What Immigrant Investors need to know about the Reformed EB-5 Visa

The United States exclusive EB-5 investor visa is back but with higher investment amounts required. After China, Indian applicants received the most number of EB-5 visas for the fiscal year of 2019.
What Immigrant Investors need to know about the Reformed EB-5 Visa
Photo by Pierre Blaché on Unsplash

The popular EB-5 visa, which offers wealthy foreign nationals a green card for investing and building businesses in the US, is back and just got more exclusive.

The biggest change is the higher investment amount which will increase the foreign investment inflow to the US through the EB-5 Reforms and Integrity Act of 2022 after President Joe Biden signed it into law on March 15. The bill that reauthorizes the EB-5 regional center program also includes provisions that channel investments to regions in the US that require it the most and puts more protections for immigrant investors in place.

How does an investor become eligible for an EB-5 visa?

As per the new law, the minimum investment amount increased from $500,000 to $800,000 or $1 million to $1.05 million depending on the location of the business.

The lesser price tag of $800,000 is for projects in rural, high unemployment areas or government administered infrastructure projects.

To be eligible for the EB-5 visa, investors have two options.

Under the direct EB-5 visa category, investors need to invest and build a company that creates full-time employment for at least 10 people.

The second and more popular option involves investing in one of the current 632 regional centers which are public or private entities approved by the US Citizenship and Immigration Services (USCIS) where the investor doesn’t have to be involved in running the day-to-day operations.

"The regional centers offer you a passive way to invest because it's a bigger project, with more safeguards than a direct project. In this sense, it's easier to create the ten jobs that are required to get a green card," says Rajvir Batra, co-founder of the American Immigrant Investor Alliance, a non-profit advocacy group that represents the interests of over 5,000 EB-5 investors

However, the regional center program lapsed in June of 2021 which meant that no visas could be issued for investors who applied via this route affecting more than $15 billion in capital which was already committed by the EB-5 investors. For more than eight months, over 32,000 existing investors were in limbo with no clear idea as to when their files would be processed again.

What are the biggest wins for investors in the new law?

New investors who are already present in the US, now have the opportunity to concurrently file for their EB-5 visa and apply to adjust their status to receive a temporary green card. “What this means is that they would get the benefit of getting permission to work and permission to travel, even while their application is pending, which was not there prior to March 15” says Rohit Turkhud, an attorney at Chiesa Shahinian & Giantomasi PC.

The new law also introduces visa allocation and puts in place priority processing based on the project type. Individuals investing in rural areas are allocated 20% of the visas, while 10% of visas will be reserved for investors with projects in high unemployment areas and 2% for those with qualifying infrastructure projects.
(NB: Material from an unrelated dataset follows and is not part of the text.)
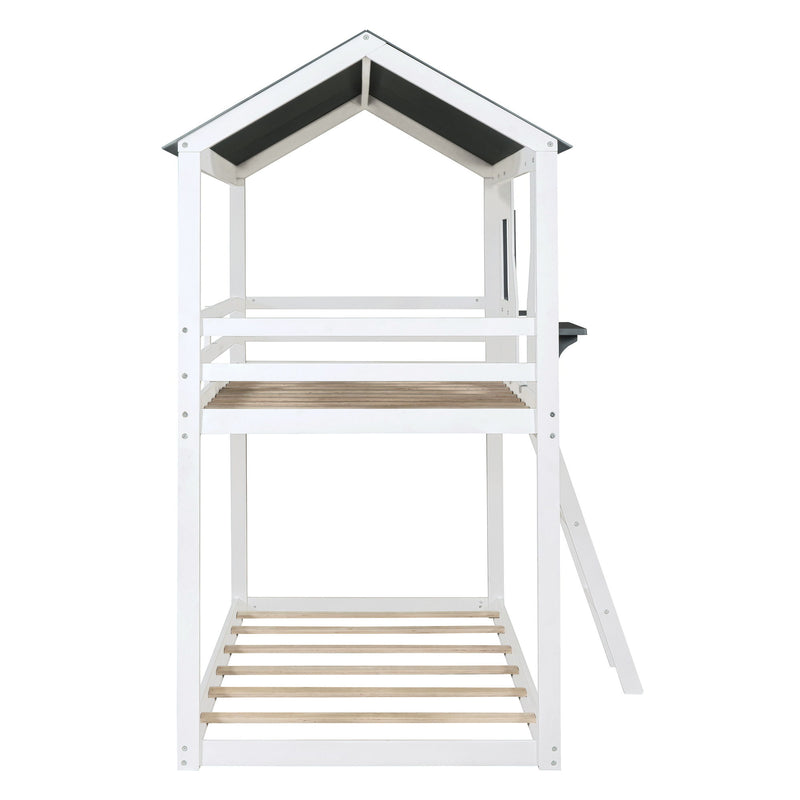 Twin Over Twin Bunk Bed With Roof, Window, Guardrail, Ladder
“What it really means though, at the end of the day for rural areas is that it basically has created a lot of buzz and so there will be more options on the market for rural projects,” says Rohit Kapuria, partner at Saul Ewing Arnstein and Lehr LLP.

Some of the new changes brought in also protect investors. Now, children of investors are protected from the issue of ‘aging out’ their opportunity of getting a green card after they turn 21. So long as the child remains unmarried and the investor gets an approved green card, the child will also be eligible.

In order to prevent a repeat of the situation where the USCIS suspended processing all pending petitions after the program expired last June, the new law puts in place a “grandfathering” provision. This allows visas to be processed even if Congress fails to reauthorize the program before it expires on Sept 30, 2027.

However, the question remains on whether existing investors will be able to benefit from these new protections as well. “The main agency [USCIS] that's tasked with overseeing the proceeds of the law hasn't yet given us guidance. So we are continuing to work in a vacuum” says Kapuria.

Why choose the EB-5 visa route?

The EB-5 visa is particularly popular among Indians already in the US with nearly one out of three Indian investor applications coming from people who already live in the US on either employment based or student visas.

Batra who is also a current Harvard undergraduate student from India applied for the EB-5 visa in 2019. The EB-5 visa promised him a faster route to a green card than other employment based visas due to the long wait times for Indian-born individuals.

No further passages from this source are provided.